In JGCRI/fldgen: Generate Temperature Fields with Spatial and Temporal Correlation

knitr::opts_chunk$set(
  collapse = TRUE,
  fig.width=8,
  cache=FALSE,
  comment = "#>"
)
library('fldgen')
library('dplyr')
library('ggplot2')
library('reshape2')

The fldgen package allows you to ingest temperature output from an earth system model (ESM) and generate randomized temperature fields that have the same space and time correlation properties as the original ESM data. This tutorial focuses on how to use the functions in the package to generate and analyze temperature fields. The details of how the method works are covered in a companion paper.

All of the functions used here are documented in R's help system. Since our purpose here is to outline what functions have to be called, and in what sequence, to perform the analysis, we haven't repeated material from the help files. If you're confused about how a function is supposed to work, consult the help files. For example, help(read.temperatures) will print the docs for the function that reads the netCDF temperature fields.

Using the field generator

Setup

## parameters for the code below.
ngen <- 4             # number of fields to generate
exfld <- 20           # example field to plot from the time series
set.seed(8675309)     # Set RNG seed so results will be reproducible

All of the data needed for this tutorial is installed with the package.

library('fldgen')
datadir <- system.file('extdata', package='fldgen')

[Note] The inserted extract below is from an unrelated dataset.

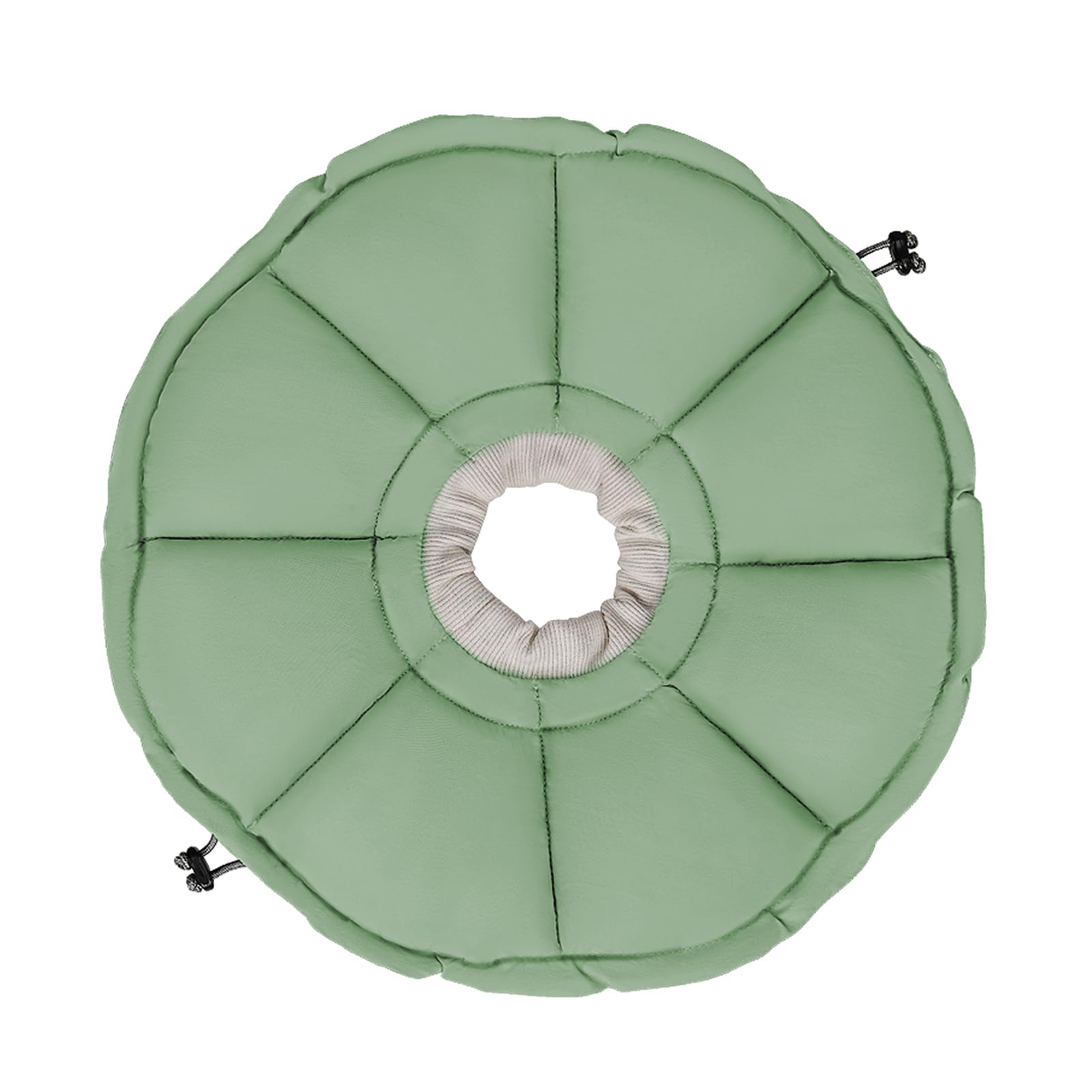 Supet Soft Cat Cone Collar to Stop Licking After Surgery Adjustable Waterproof Recovery Collar for Cats with Silent Material & Flower Design (Green,L) — image 1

One-step emulator training

You can do the read and analyze steps below in a single command by running:

infile <- file.path(datadir, 'tann1.nc')
emulator <- train(infile)

If you want to use multiple ESM runs for the training, you can either pass train a list of filenames, or you can give it the name of a directory, in which case it will use all of the netCDF files it finds there.

If you use this (recommended) method, then you can skip directly to [Generating fields]. For users that wish to customize the training process, the next two sections describe what is happening inside the train function and show how to recreate those steps manually.

Reading the ESM data

The ESM temperature field should be in a netCDF file. The function that reads it returns a "griddata" structure that contains the data, as well as some information about the grid, such as the latitude, longitude, and time coordinates and the vector of area weights needed to compute grid averages.

filename <- file.path(datadir, 'tann1.nc')
griddata <- read.temperatures(filename)
tgav <- griddata$tas %*% griddata$tgop

Here, we have read in the netCDF data and used the global average operator to compute a time series of global mean temperatures. These variables will be used as input to the functions that analyze the ESM data and produce the temperature fields.

Analyzing the input data

The first thing we need is a model for the mean temperature response in each grid cell. That is, for each grid cell, what is the mean temperature of that cell as a function of global mean temperature. You can use whatever model you want for this. We will use a simple linear pattern scaling model, which is implemented in the pscl_analyze function.

pscl <- pscl_analyze(griddata$tas, tgav)

The mean response analysis should return the model coefficients (called w and b in our linear model) and a time series of gridded residuals. These residuals encode all of the information about the spatial variability of the ESM, so it is these we will pass to the empirical orthogonal functions (EOF) analysis.

reof <- eof_analyze(pscl$r, Ngrid = ncol(pscl$r), globop = griddata$tgop)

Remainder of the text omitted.